4. Know where to put your energy. What is within your control?

Now that you have an idea of some of the obstacles that could come up and make it harder to commit to your new habit goal, you can take it one step further and consider what is within your control.

As humans with complex and busy lives, we have limited energy resources each day. You want to use that energy wisely. In part, that means spending it focusing on things that are within your control.

If the weather is poor and you can’t get outside as you hoped, that is outside of your control. You could focus on indoor exercises to build strength for hiking, but you can’t do anything to change the weather. And that is okay!

On the other hand, if there are things that are within your control you can do your best to create a plan to limit the impact of those obstacles.

For example:

  • If your phone tends to become a distraction: You might set an alarm reminder to put it away at a certain time or set it to do not disturb at the time you set to get outside for a walk.
  • If large work projects have you working long hours: You might shift your goals a bit and opt for short breaks outside to get some fresh air, even if you will not be able to get out for the hikes you had planned after work for the time being.

5. Understand your values. Who do you want to be and why?

Take a moment to reflect. How do you envision your life would look if you established the new habit you are striving for?

For example, if you want to be someone who spends time outdoors regularly… what do you envision your days would look like? If you become that version of yourself, what would you do more of? Less of? Consider how can you start to build more of those actions into your days to better align with your values and goals.

To take it a step further, you might consider how this version of yourself further aligns with your values. For example, spending more time exercising outside would be a goal you might be more motivated to stick to if you are clear about how much you value your health and the role that plays in your well-being long term.

Values are a major force in what drives behavior and tying the version of yourself you want to be and the actions it takes to get there to those values can better help you stay consistent long-term, even in the face of challenges or adversity.

Goal setting for building healthy habits

When setting any goal, it is helpful to start small, be really specific, and build from there.

If you want to be someone who spends more time outside, what would be a realistic place to start? Setting a goal to get out for an afternoon walk for at least 15 minutes at least 3 times a week might feel more realistic and easier to commit to than a vague goal of “spending more time outside.” For a deeper dive into science-backed goal-setting strategies, check out our article on effective goal-setting!

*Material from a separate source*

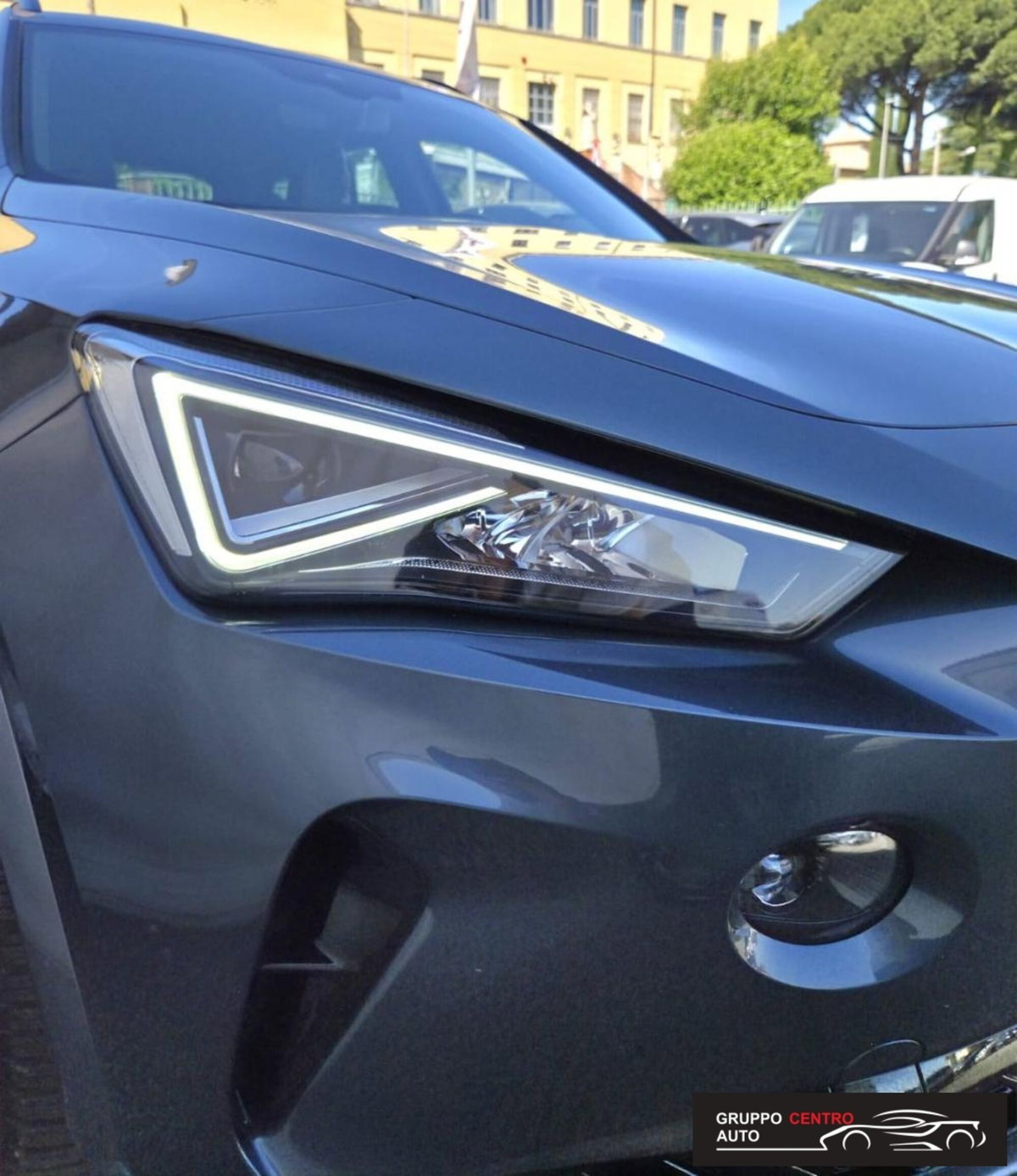 Cupra Formentor Formentor 1.4 e-Hybrid DSG (8)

Begin with something realistic that you can achieve. Make the goal more challenging as you progress and move closer to that ultimate version of yourself you envision. Celebrate your successes along the way and use that as motivation to keep going.

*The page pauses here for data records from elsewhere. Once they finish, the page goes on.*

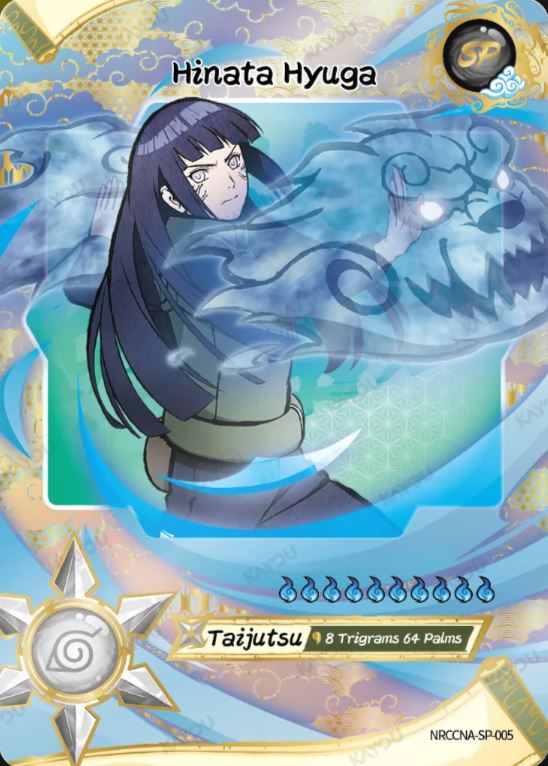 Hinata Hyuga NRCCNA-SP-005 NM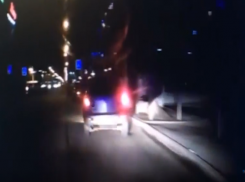 Пьяный водитель попал в аварию с автомобилем ДПС в Минводах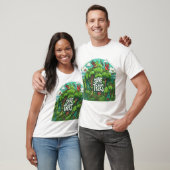 Harmonie in de bomen t-shirt (Unisex)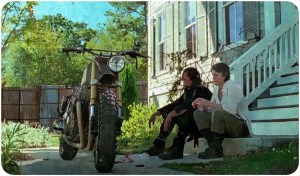 Carol Daryl The Walking Dead Twice as Far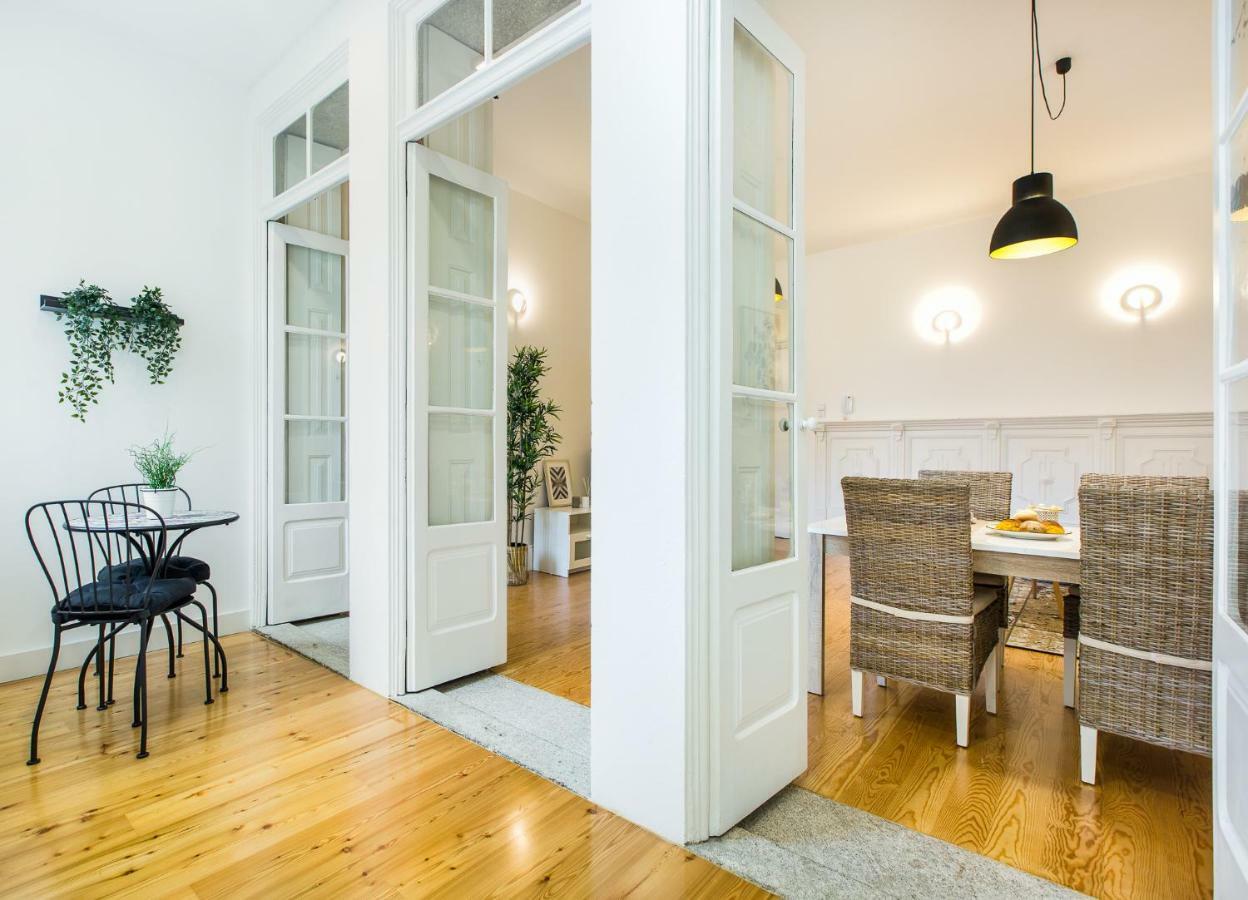 Santa Catarina Downtown Flat Apartment Porto Bagian luar foto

You may not feel motivated at all times and that is okay. You can still rely on the commitment you have to build these new habits. Using an accountability partner can also be helpful to hold you to the action steps required to reach your goal.

Building Healthy Habits Overall

Progress is progress, no matter how small, and there is no requirement for perfection. 5 minutes outside in nature a day is better than 0, as is 1 hike every month versus none.

Focus on the process rather than the outcome. In time, you will be well on your way to building new habits in a way that feels more automatic and allows you to do things with more intentionality and presence. Routines that fit seamlessly into your lifestyle and support the version of yourself you wish to be.

What healthy habits are you looking to build? We would love to hear about how it’s going and how we can support you!

A female hiker at Great Sand Dunes National Park on her quest to build a new habit of getting outside more each day and hiking more than 500 miles a year.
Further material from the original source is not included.